What this task involves >> For the word "Fashion", search the records and show each line in which it occurs.

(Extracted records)
- - - -

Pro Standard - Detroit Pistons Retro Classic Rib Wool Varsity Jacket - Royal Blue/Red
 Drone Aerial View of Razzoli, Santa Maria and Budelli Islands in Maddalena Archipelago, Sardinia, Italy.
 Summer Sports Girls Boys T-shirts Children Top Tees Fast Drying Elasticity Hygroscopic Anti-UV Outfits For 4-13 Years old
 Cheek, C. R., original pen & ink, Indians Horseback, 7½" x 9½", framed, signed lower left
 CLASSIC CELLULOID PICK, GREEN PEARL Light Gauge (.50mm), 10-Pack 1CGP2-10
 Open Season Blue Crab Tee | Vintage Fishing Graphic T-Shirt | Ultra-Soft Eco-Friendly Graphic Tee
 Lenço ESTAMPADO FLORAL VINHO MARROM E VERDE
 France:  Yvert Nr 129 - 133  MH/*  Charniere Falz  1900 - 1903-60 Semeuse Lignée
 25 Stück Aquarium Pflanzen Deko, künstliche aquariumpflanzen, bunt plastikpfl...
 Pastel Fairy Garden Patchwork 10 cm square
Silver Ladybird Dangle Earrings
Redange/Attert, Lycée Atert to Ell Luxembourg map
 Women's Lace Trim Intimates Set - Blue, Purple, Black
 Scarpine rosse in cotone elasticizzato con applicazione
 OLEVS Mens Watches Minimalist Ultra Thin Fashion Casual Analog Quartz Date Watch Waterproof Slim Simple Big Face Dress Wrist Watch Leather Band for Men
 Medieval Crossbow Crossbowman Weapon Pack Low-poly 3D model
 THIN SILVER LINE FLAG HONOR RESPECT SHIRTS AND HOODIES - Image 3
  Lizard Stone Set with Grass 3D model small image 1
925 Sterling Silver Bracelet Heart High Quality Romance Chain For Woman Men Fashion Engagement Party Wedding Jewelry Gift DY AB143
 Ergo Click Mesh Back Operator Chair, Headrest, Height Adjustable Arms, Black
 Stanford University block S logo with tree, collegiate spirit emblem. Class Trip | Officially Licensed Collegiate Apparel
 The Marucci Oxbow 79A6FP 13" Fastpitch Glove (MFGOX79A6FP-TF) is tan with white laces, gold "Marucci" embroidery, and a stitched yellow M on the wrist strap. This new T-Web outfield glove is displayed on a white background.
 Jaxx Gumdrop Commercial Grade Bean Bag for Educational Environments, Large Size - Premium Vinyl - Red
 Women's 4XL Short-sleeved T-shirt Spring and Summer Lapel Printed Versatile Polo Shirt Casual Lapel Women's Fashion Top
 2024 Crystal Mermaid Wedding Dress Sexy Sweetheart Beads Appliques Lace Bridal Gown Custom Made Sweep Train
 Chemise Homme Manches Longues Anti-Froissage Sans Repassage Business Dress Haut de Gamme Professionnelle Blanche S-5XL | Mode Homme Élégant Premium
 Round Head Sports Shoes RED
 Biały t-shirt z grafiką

- - - -

Response to the exercise >>
 OLEVS Mens Watches Minimalist Ultra Thin Fashion Casual Analog Quartz Date Watch Waterproof Slim Simple Big Face Dress Wrist Watch Leather Band for Men
925 Sterling Silver Bracelet Heart High Quality Romance Chain For Woman Men Fashion Engagement Party Wedding Jewelry Gift DY AB143
 Women's 4XL Short-sleeved T-shirt Spring and Summer Lapel Printed Versatile Polo Shirt Casual Lapel Women's Fashion Top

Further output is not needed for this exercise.